→ **WORK INSTRUCTION**: When copying the records below, omit any image and print everything else exactly.

→ **EXERCISE MATERIALS**:
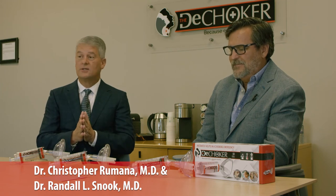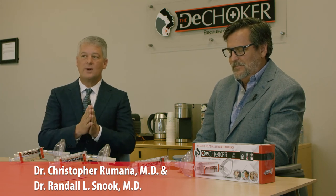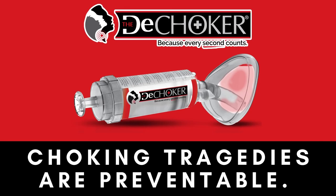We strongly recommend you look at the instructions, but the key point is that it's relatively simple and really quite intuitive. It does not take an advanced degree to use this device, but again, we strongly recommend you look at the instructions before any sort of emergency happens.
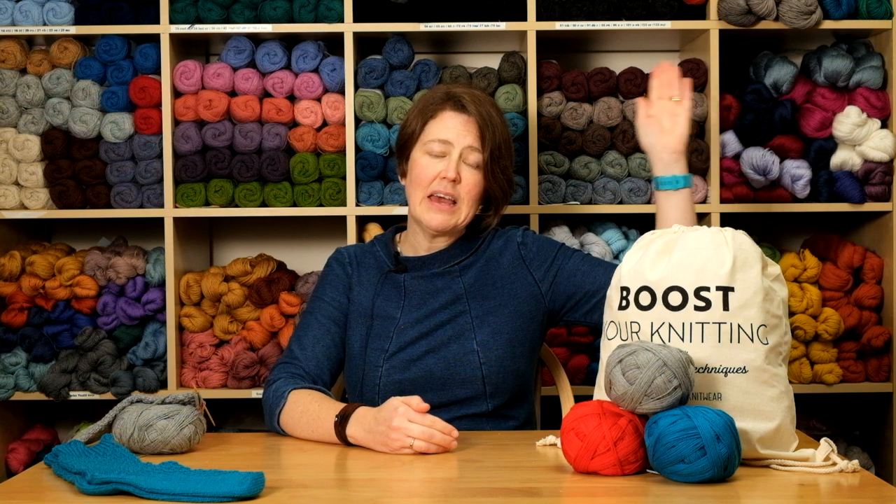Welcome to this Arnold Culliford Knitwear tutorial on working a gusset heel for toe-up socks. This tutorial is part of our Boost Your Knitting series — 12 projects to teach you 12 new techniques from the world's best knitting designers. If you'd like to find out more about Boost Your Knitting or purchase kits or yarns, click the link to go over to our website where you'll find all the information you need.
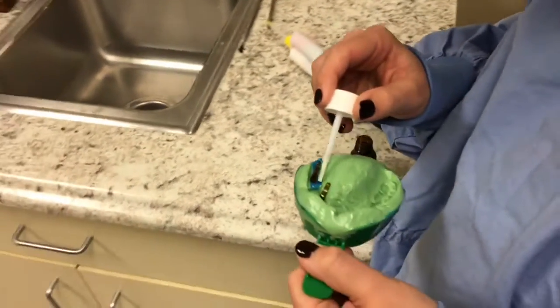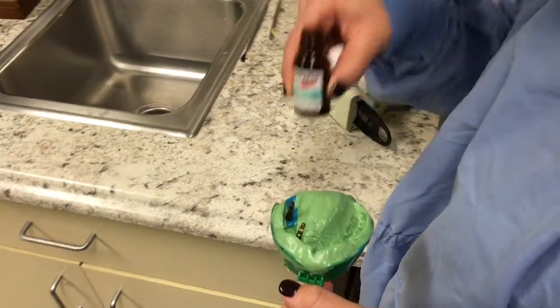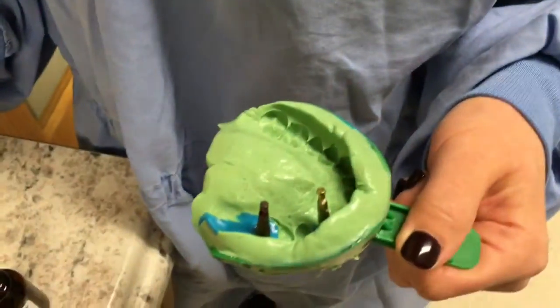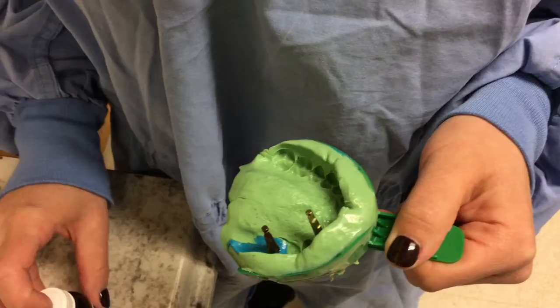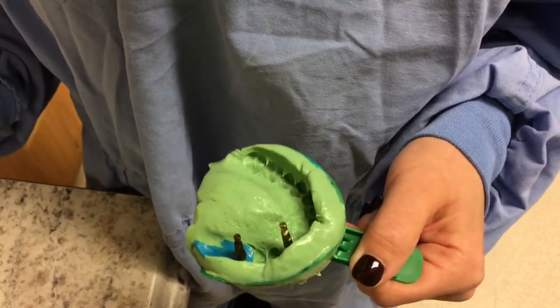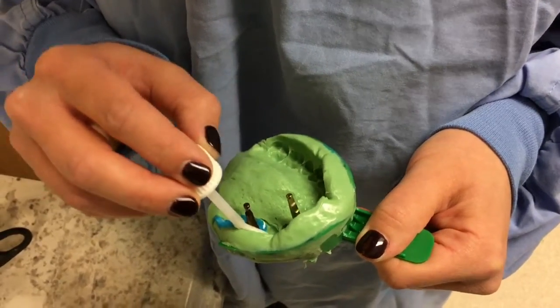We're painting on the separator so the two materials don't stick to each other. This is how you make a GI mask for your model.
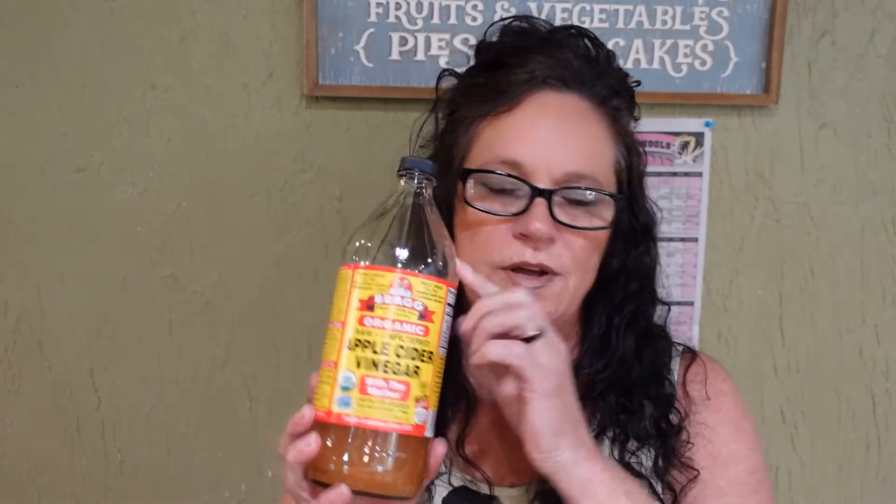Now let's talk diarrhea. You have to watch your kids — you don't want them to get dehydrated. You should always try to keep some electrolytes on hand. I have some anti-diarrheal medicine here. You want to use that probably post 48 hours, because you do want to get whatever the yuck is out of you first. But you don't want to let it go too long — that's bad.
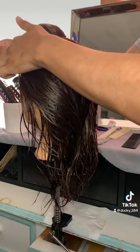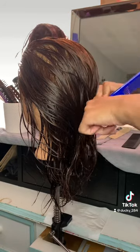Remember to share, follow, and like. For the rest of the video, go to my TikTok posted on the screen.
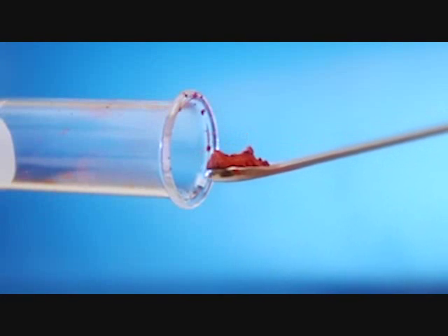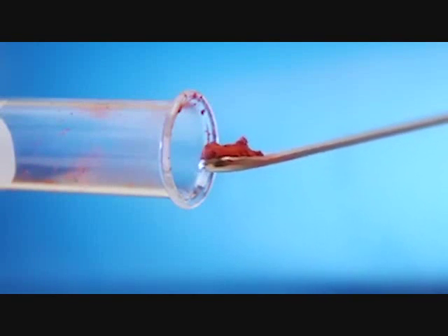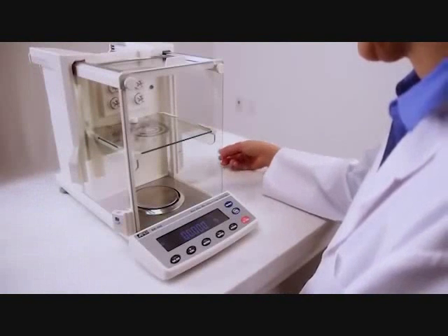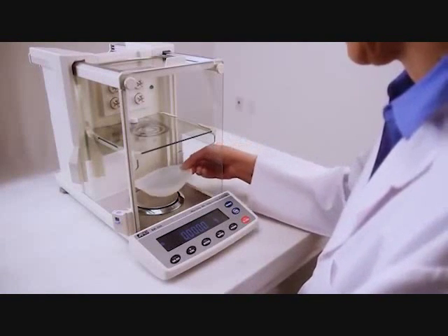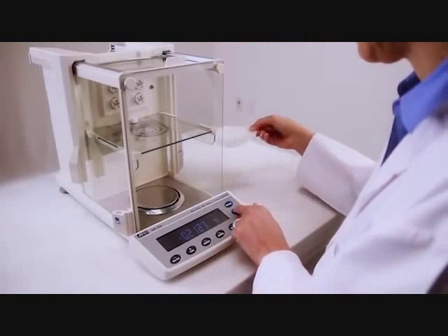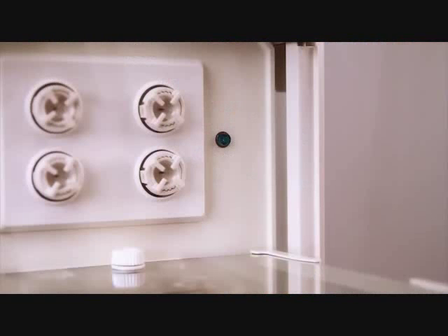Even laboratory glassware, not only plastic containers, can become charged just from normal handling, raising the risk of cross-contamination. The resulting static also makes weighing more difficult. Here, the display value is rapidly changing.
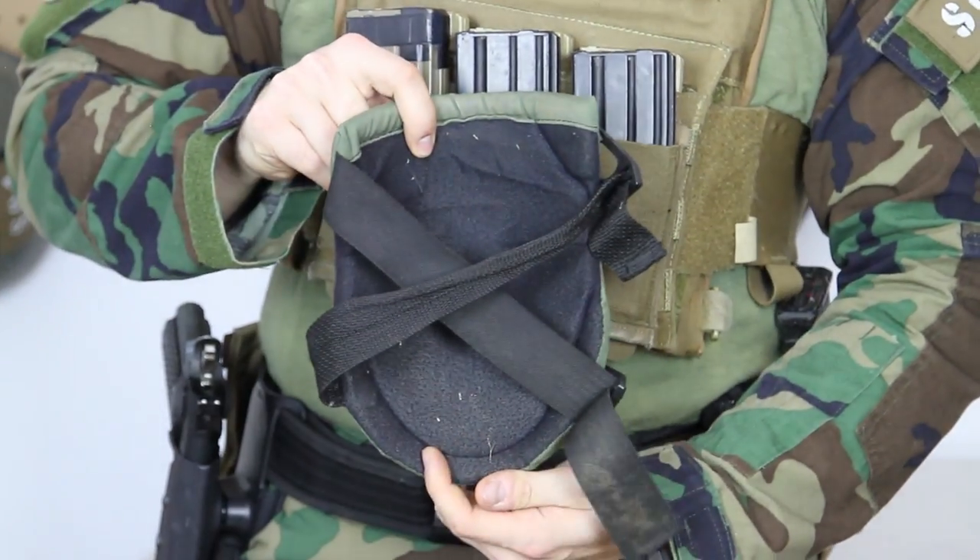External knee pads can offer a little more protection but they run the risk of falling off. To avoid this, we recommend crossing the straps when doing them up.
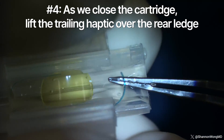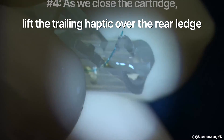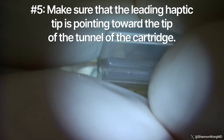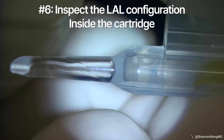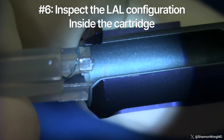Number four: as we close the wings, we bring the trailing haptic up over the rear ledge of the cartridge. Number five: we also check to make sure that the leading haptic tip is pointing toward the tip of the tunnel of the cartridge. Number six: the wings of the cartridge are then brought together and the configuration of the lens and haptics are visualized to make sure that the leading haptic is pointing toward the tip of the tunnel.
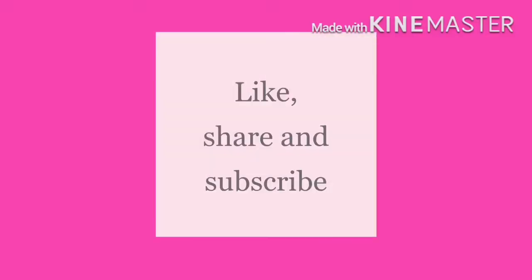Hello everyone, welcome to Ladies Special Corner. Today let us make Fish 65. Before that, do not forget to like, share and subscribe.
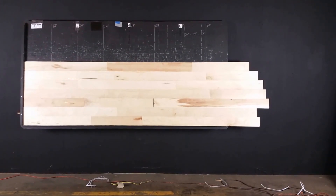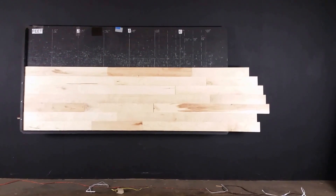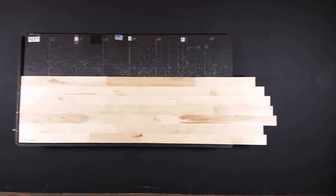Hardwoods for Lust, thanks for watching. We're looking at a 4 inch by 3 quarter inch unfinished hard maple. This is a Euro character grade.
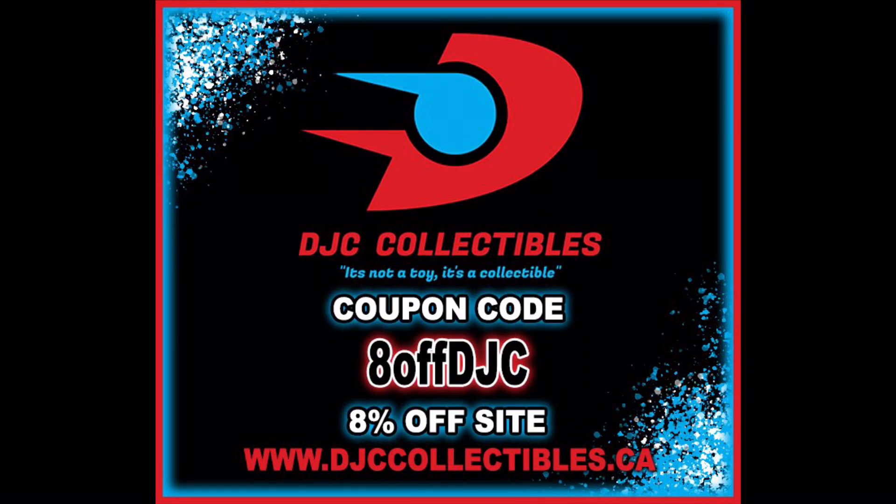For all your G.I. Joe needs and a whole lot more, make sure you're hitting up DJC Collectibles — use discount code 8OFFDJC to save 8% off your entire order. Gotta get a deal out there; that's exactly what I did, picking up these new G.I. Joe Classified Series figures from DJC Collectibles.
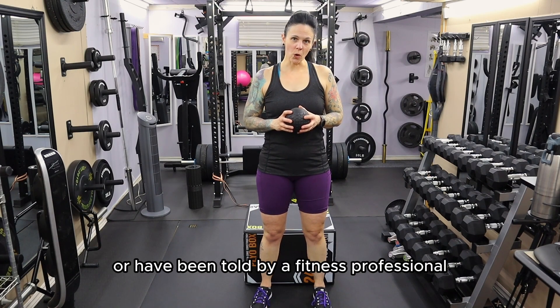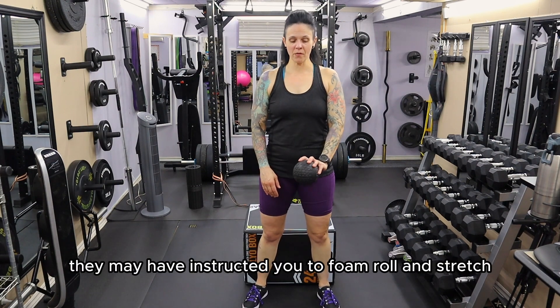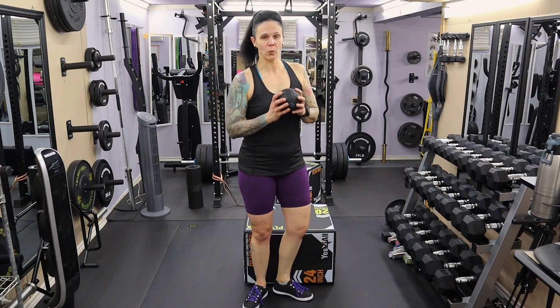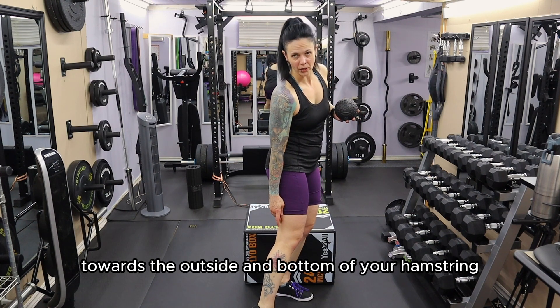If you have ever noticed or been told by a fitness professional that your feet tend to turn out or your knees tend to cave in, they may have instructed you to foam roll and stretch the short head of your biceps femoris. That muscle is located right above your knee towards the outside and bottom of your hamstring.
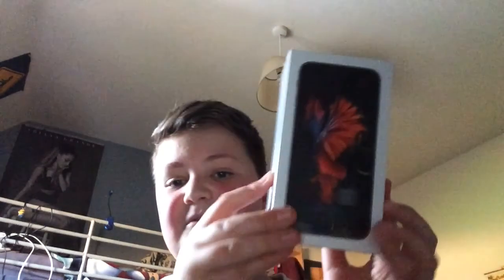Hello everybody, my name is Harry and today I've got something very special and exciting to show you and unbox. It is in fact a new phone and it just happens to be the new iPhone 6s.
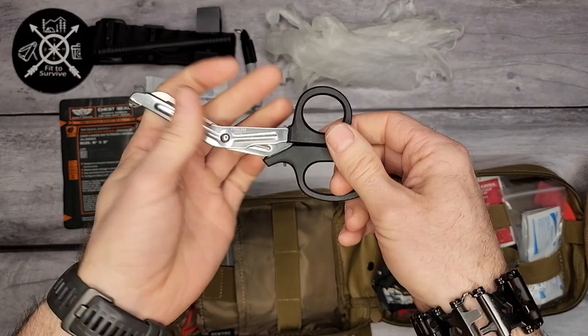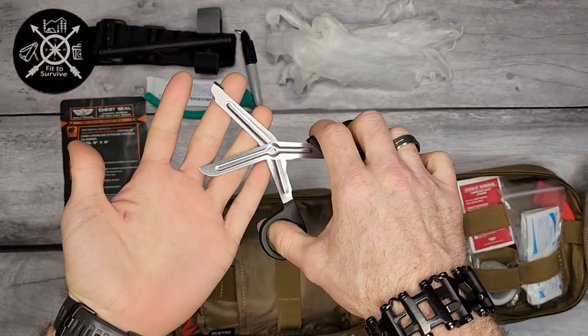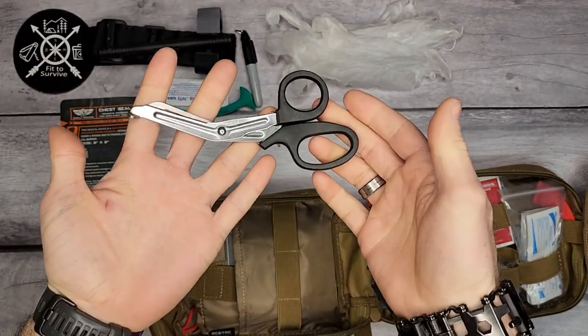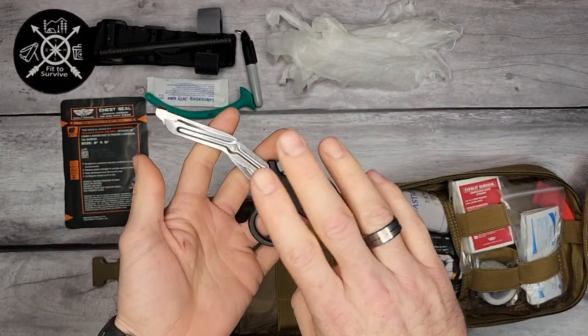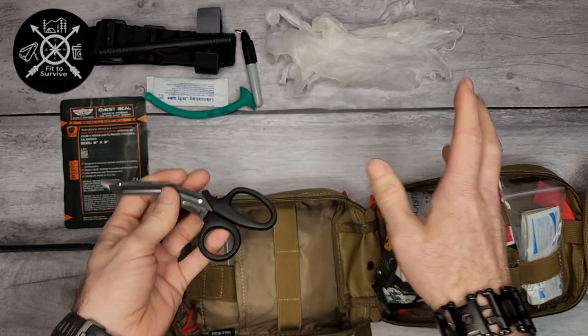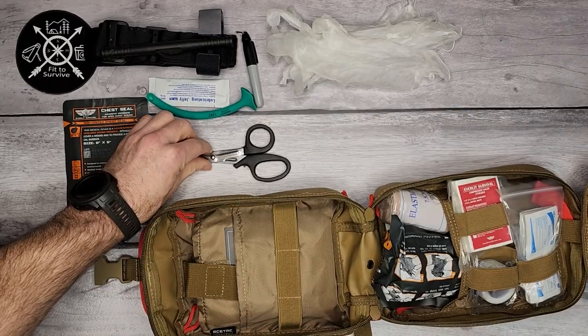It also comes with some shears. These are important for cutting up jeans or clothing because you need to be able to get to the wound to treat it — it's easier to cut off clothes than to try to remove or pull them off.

→ **RESPONSE AREA**:
We strongly recommend you look at the instructions, but the key point is that it's relatively simple and really quite intuitive. It does not take an advanced degree to use this device, but again, we strongly recommend you look at the instructions before any sort of emergency happens.
Welcome to this Arnold Culliford Knitwear tutorial on working a gusset heel for toe-up socks. This tutorial is part of our Boost Your Knitting series — 12 projects to teach you 12 new techniques from the world's best knitting designers. If you'd like to find out more about Boost Your Knitting or purchase kits or yarns, click the link to go over to our website where you'll find all the information you need.
We're painting on the separator so the two materials don't stick to each other. This is how you make a GI mask for your model.
Now let's talk diarrhea. You have to watch your kids — you don't want them to get dehydrated. You should always try to keep some electrolytes on hand. I have some anti-diarrheal medicine here. You want to use that probably post 48 hours, because you do want to get whatever the yuck is out of you first. But you don't want to let it go too long — that's bad.
Remember to share, follow, and like. For the rest of the video, go to my TikTok posted on the screen.
Even laboratory glassware, not only plastic containers, can become charged just from normal handling, raising the risk of cross-contamination. The resulting static also makes weighing more difficult. Here, the display value is rapidly changing.
External knee pads can offer a little more protection but they run the risk of falling off. To avoid this, we recommend crossing the straps when doing them up.
Number four: as we close the wings, we bring the trailing haptic up over the rear ledge of the cartridge. Number five: we also check to make sure that the leading haptic tip is pointing toward the tip of the tunnel of the cartridge. Number six: the wings of the cartridge are then brought together and the configuration of the lens and haptics are visualized to make sure that the leading haptic is pointing toward the tip of the tunnel.
Hello everyone, welcome to Ladies Special Corner. Today let us make Fish 65. Before that, do not forget to like, share and subscribe.
Hardwoods for Lust, thanks for watching. We're looking at a 4 inch by 3 quarter inch unfinished hard maple. This is a Euro character grade.
For all your G.I. Joe needs and a whole lot more, make sure you're hitting up DJC Collectibles — use discount code 8OFFDJC to save 8% off your entire order. Gotta get a deal out there; that's exactly what I did, picking up these new G.I. Joe Classified Series figures from DJC Collectibles.
If you have ever noticed or been told by a fitness professional that your feet tend to turn out or your knees tend to cave in, they may have instructed you to foam roll and stretch the short head of your biceps femoris. That muscle is located right above your knee towards the outside and bottom of your hamstring.
Hello everybody, my name is Harry and today I've got something very special and exciting to show you and unbox. It is in fact a new phone and it just happens to be the new iPhone 6s.
It also comes with some shears. These are important for cutting up jeans or clothing because you need to be able to get to the wound to treat it — it's easier to cut off clothes than to try to remove or pull them off.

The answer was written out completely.